Fine hand eye co-ordination has gone out the window. Tying a hook on your fly rod line is almost impossible due to a combination of shaking hand and doubtful eyesight. Spilling sugar and coffee on the counter seems to be par for the course. Speaking about courses; you see the advert for reduced fees at the local golf club and realize that you are never going to play 18 holes of golf again unless you can afford a golf cart and living on a pension makes that impossible. The only golf you can play is putt- putt and even that can be a physical challenge going up and down steps.
But it is having to give up doing the things you really enjoy that is the worst. I am not talking about sky-diving or playing rugby. It is fishing from your little boat in your favourite dam or swimming in the surf. It is walking out onto the rocks to cast your bait out into the sea. Climbing up a ladder to repair a leak in the roof or hang a picture on the wall was never high on my list of favourite activities but the fact that I can no longer do them is a cause for some regret.
A visit to Gubu Dam near Stutterheim in the beautiful Amatola Mountains is a case in point. Here I have enjoyed many hours rowing on the clear deep waters doing battle with the Rainbow Trout. It seems like something that I still should be able to do for a long time. What is easier? Push the boat into the shallows, step into it, sit down and off I go. Or what about a swim in the warm waters of the Indian Ocean at Nahoon Beach, catching a few waves (probably foamies to be quite honest) and get some good exercise?

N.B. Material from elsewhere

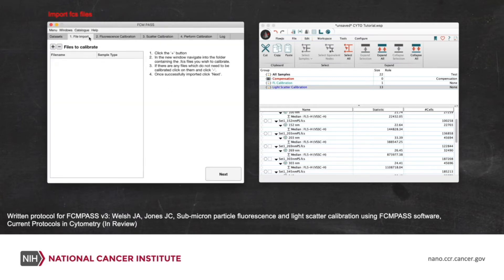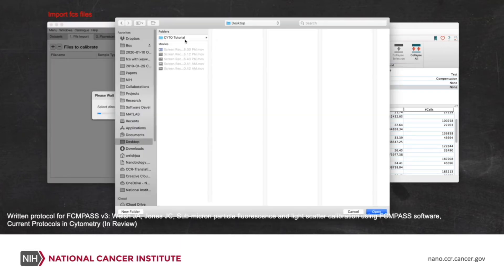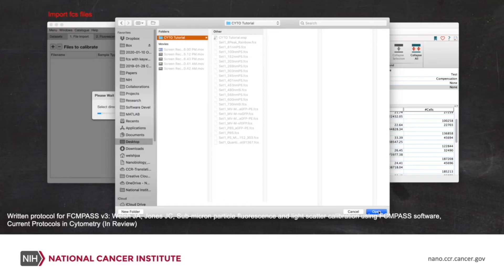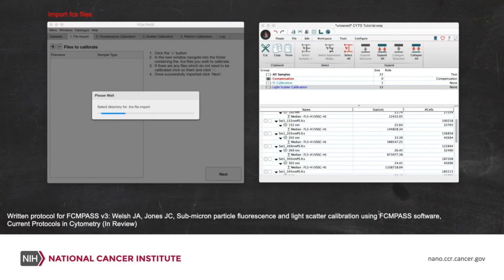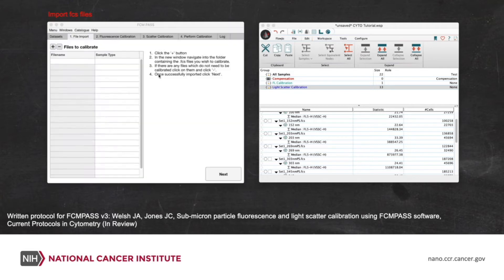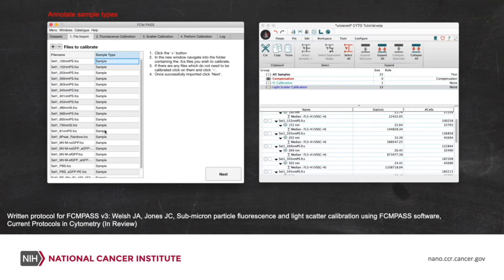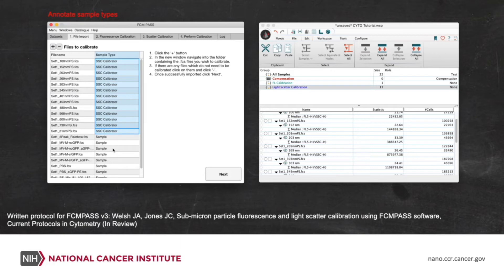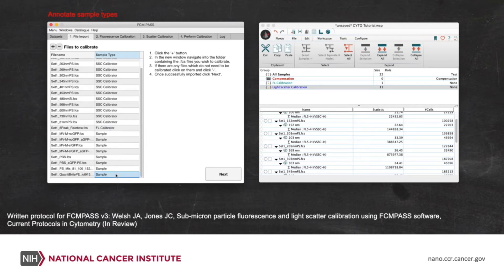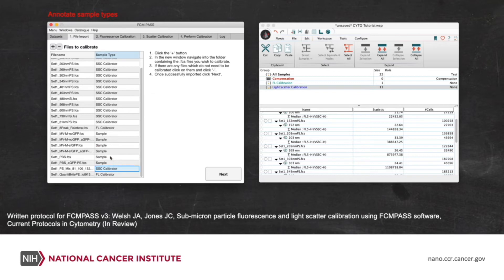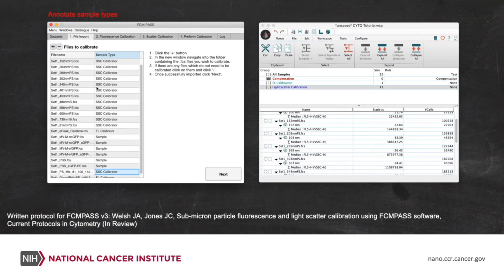We just need to import our FCS files now. So we click the plus icon, navigate to where our files are and click open. This will now import all of our FCS files and it will also extract some of the parameters like the threshold for each of the channels, as well as what the parameter names are. We're going to define these sample types first that will help with our annotation. We'll turn all of these NIST traceable beads into side scatter calibrators and our fluorescent beads, our eight peaks and our PE Quantabrites will turn into fluorescent calibrators and the rest will just leave as standard samples.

Last week at Gubu as I tried to sit down on the seat of my boat I missed the middle and sat down on the side. A tipped boat lead to water rushing in and like the Titanic I sank to the bottom, and only the muddy shallows saved a disaster of great proportions. Between the crabs, weed beds and my wife's hysterical laughter we managed to regain the waterlogged boat and some of my dignity . Success in the first, but not really in the second.
Swimming in the surf has also turned into somewhat of a problem. Getting into the surf is fine and catching some waves is also okay. But then getting up in the shallows to wade back into the waves or exit the sea is a problem. As I try (unsuccesfully) to get up the next wave flattens me off my wobbly legs. Even a bit of a surge keeps me down in the water, stuck like a bit of driftwood. I either have to leopard crawl onto the sand or back into deeper water, much to my embarrassment, or the amusement of any unfortunate spectators.
So what am I saying? Old age sucks! But then I guess one has to be grateful that one has reached this problematic age and be thankful for the memories crowding into ones slipping mind. There is so much to be grateful for, so many books to read, so much love to share and receive. Thank you Lord!